Perkawinan merupakan institusi sakral yang tidak hanya mengandung dimensi sosial, tetapi didalamnya juga terkandung dimensi spiritual.
Dalam pandangan Islam, perkawinan merupakan bentuk ibadah panjang yang bertujuan untuk menciptakan kehidupan rumah tangga yang sakinah, mawaddah, warahmah.
Namun, tidak dapat dipungkiri bahwa dalam tataran praktiknya, banyak pasangan suami istri dalam mengarungi bahtera rumah tangga menghadapi konflik berkepanjangan yang tidak sedikit pula berakhir pada perceraian.
Perceraian tidak hanya semata-mata dipandang sebagai peristiwa hukum, tetapi lebih dari itu, perceraian memiliki dampak sosial dan psikologis yang tidak bisa diabaikan dan yang sering kali menimbulkan dampak besar terutama bagi perempuan.
Dalam sistem hukum Indonesia, perceraian hanya dapat dilakukan di hadapan Pengadilan Agama (bagi mereka yang beragama Islam) setelah upaya perdamaian dilakukan, hal tersebut sebagaimana diatur dalam Pasal 39 ayat (1) Undang-Undang Nomor 1 Tahun 1974 tentang Perkawinan.
Ketentuan ini menegaskan bahwa peran pengadilan tidak hanya terbatas sebagai lembaga yang memutus perkara, namun juga sebagai lembaga yang memiliki kewenangan untuk mendamaikan suami istri yang sedang beperkara.
Salah satu bentuk upaya perdamaian yang diwajibkan dalam proses peradilan adalah mediasi, sebagaimana diatur dalam PERMA No. 1 Tahun 2016 tentang Prosedur Mediasi di Pengadilan.

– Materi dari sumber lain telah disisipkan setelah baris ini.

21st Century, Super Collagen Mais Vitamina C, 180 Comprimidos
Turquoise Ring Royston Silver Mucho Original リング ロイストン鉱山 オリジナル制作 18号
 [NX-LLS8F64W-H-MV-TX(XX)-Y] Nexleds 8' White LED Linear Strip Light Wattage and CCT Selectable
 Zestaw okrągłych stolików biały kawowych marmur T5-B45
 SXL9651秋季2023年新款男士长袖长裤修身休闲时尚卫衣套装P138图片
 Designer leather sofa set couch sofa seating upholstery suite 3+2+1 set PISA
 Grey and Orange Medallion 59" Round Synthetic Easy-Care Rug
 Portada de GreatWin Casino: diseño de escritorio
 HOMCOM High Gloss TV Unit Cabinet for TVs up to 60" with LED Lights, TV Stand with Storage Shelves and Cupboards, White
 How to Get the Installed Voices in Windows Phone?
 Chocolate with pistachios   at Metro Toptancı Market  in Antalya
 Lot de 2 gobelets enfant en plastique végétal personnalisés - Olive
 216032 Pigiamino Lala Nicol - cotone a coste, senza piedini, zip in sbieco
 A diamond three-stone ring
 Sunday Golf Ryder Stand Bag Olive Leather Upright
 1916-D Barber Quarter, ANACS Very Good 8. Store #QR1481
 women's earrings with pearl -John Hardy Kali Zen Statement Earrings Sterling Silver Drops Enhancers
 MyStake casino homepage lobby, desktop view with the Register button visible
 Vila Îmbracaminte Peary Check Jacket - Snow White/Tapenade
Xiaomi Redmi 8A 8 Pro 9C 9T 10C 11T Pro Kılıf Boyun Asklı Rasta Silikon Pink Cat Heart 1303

Mediasi menjadi instrumen penting dalam mewujudkan asas penyelesaian perkara yang sederhana, cepat, dan berbiaya ringan.
Melalui mediasi, para pihak yang bersengketa diberi kesempatan yang cukup untuk mencoba melakukan negosiasi, menyusun rencana solusi hingga mencapai kesepakatan yang adil dan manusiawi tanpa perlu melakukan proses persidangan yang panjang serta melelahkan.
Dalam perkara cerai gugat, yaitu perceraian yang diajukan oleh istri kepada suami, isu mengenai hak-hak perempuan pasca perceraian menjadi sangat penting.
Sering kali perempuan berada pada posisi yang lemah secara sosial, ekonomi, dan hukum, sehingga diperlukan perlindungan hukum agar hak-haknya tetap terpenuhi.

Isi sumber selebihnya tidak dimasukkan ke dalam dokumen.